O difícil amálgama da dor com a poesia
Por Marco Fialho
O segundo dia do Festival de Brasília (15/10/2018) mostrou que esse ano o clima do festival seria mais para acalorado do que para calmaria. O público deu indícios de que participaria politicamente de forma efusiva. Parece que a efervescência eleitoral tomou conta de vez e reverberou nas reações aos filmes. A própria curadoria do festival optou em ressoar o momento político e promoveu escolhas incisivas e em consonância com os anseios vindos da plateia.
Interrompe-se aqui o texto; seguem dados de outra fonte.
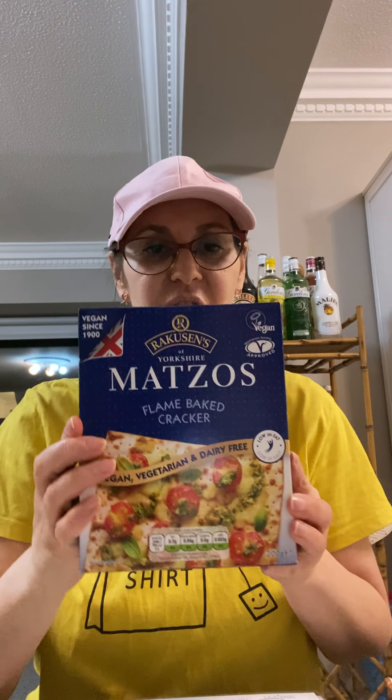What will we need for our Seder table? Well, we need to have Matzot, and a lot of people for their Seder use Shmura Matzot, which means it's been guarded from the moment the grains have been cut.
A maior prova desse magnetismo foi a exibição do primeiro longa da mostra competitiva, o filme Torre das Donzelas, que arrancou muitos aplausos durante a projeção e olha que foram 8 minutos de palmas de consagração ao final, em especial quando a diretora Susanna Lira expôs os rostos das 30 entrevistadas que passaram pela prisão e tortura no Presídio Tiradentes (SP) no período de exceção durante a ditadura civil-militar iniciada em abril de 1964.
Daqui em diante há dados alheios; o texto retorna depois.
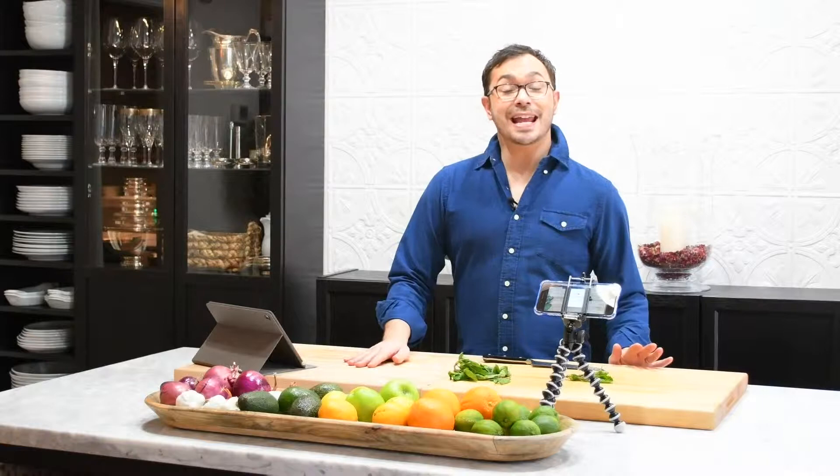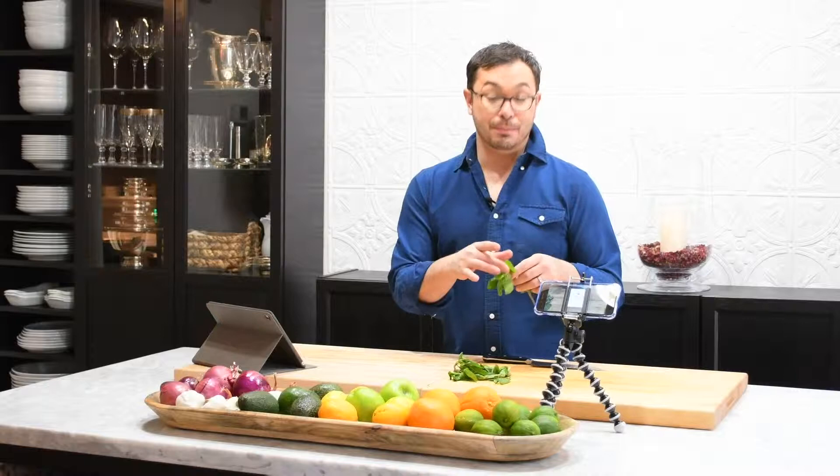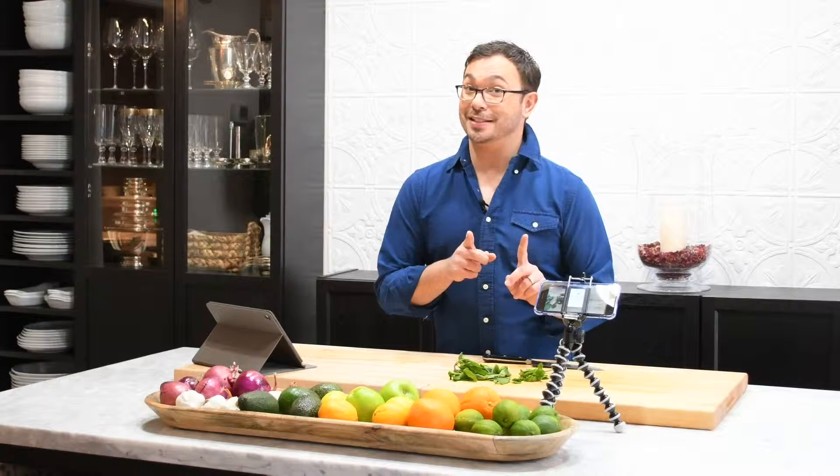Hi everyone, I'm Mark Sievers and today I'm showing you my favorite ways to prepare mint for recipes. I think everybody knows what mint is. It's this beautiful herb with a very distinctive minty flavor, and I don't cook with it a whole lot but I do use it in cocktails.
E toda a comoção da plateia é mais do que justificada, afinal, dentre as prisioneiras entrevistadas estava a presidenta Dilma Rousseff. Todo esse envolvimento emocional inclusive dificulta uma visão mais justa em relação ao filme, já que o tema cria uma tendência que oblitera a análise mais aprofundada sobre as opções de Susanna Lira. De fato, lá pelo meio do filme sentimos que a quantidade de 30 entrevistadas torna tudo muito repetitivo e cansativo, ainda mais que foi estabelecida uma abordagem narrativa que pouco nos surpreende no decorrer da obra e que de certa forma padroniza o resultado. Algumas trilhas musicais também tendem a acentuar e muitas vezes até forçar um maior clima dramático, o que enfraquece algumas cenas, em que as situações relatadas potencialmente não precisavam dessa ênfase.
Se por um lado a escolha da reconstrução do ambiente prisional proposto pela diretora de arte Glauce Queiroz fortalece o lado poético do filme, por outro lado acaba por retirar sua contundência, seu lado denúncia que até combinaria mais com a proposta.
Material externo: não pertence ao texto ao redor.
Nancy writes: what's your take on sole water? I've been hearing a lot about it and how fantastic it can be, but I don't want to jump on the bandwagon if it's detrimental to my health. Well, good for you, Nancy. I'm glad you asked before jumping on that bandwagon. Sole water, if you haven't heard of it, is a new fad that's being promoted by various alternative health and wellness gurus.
Vale destacar também os acertos do filme. Primeiro não se pode tirar de "Torre das donzelas" sua importância e peso político para o nosso momento atual. Se cinematograficamente o filme tem suas rateadas na costura de muitos depoimentos, no aspecto mais amplo ele ganha uma força impressionante e a exibição dele em Brasília ratifica essa assertiva.
Outro trunfo do filme é o seu desfecho, onde Lira consegue resgatar seu filme e lhe conferir uma força, a partir dos depoimentos onde as presas políticas falam de como o período prisional impactou em suas vidas e revelam seus desenhos inspirados nos tempos da Torre das donzelas. Susanna Lira consegue então demonstrar pela diferença nos desenhos, a riqueza das vozes, o impacto que o local deixou em cada uma das presas políticas. Um final que consegue amalgamar poesia e dor; saudade e esperança.
Visto no Festival de Brasília, em 19/10/2018, no Cine Brasília.